Anions play many roles in areas as diverse as biology, medicine, catalysis and the environment, so artificial anion receptors have numerous applications across all of these areas. However, the development of anion receptors that operate with high selectivity and affinity under physiological and environmental conditions is a significant challenge.  We are exploring the design and synthesis of a variety of receptors targeted to bind selectively to oxoanions, including phosphates, carboxylates and sulfate with the ultimate goal of producing receptors that can be applied to selectively detect or separate anionic species in the environment or in biological systems. Depending on both the anion target and desired application, our receptors are designed to bind anions using hydrogen bonding, electrostatic and/or metal -ligand interactions. We focus on systems for applications in water, at aqueous interfaces and in more complex environments (e.g. physiological fluids) and use a variety of methods to turn effective anion receptors into useful sensors or transporters.

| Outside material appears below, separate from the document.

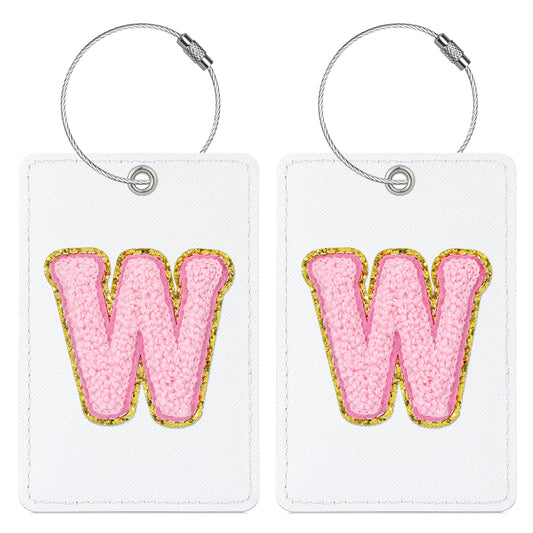 Sodsay 2 PCS Initial Luggage Tag Luggage Tags for Suitcases Cute Embroidered Letter PU Leather Travel Bag Baggage Tags ID Label with Steel Loops for Women Kids Teens(W White Leather+Pink Letter)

Living cells synthesise and metabolise over 1000 different lipids, which assemble to form bilayer membranes with lipid compositions that differ across cell types, sub-cellular compartments and even within a single membrane itself. However, the relevance of this vast structural diversity and the function of each different lipid is not yet understood. In order to better understand this biological phenomenon, we are developing fluorescent probes that selectively detect and differentiate phospholipid headgroups. These probes have applications in biomedicine and biology, e.g. detection of phosphatidylserine on mammalian cell surfaces provides a means to follow cell death processes. 

Post-translational modifications (PTMs) such as phosphorylation, sulfation or methylation are crucial for the regulation of protein function. The identification of these PTMs provides a key method for determining how small modifications alter protein function. However, some modifications are difficult to detect because they are only present in very low quantities or may be lost using current protein purification methods. We are developing selective receptors for protein PTMs that can either be used in sensing applications or and/or attached to a solid support to create affinity resins for use in protein enrichment applications.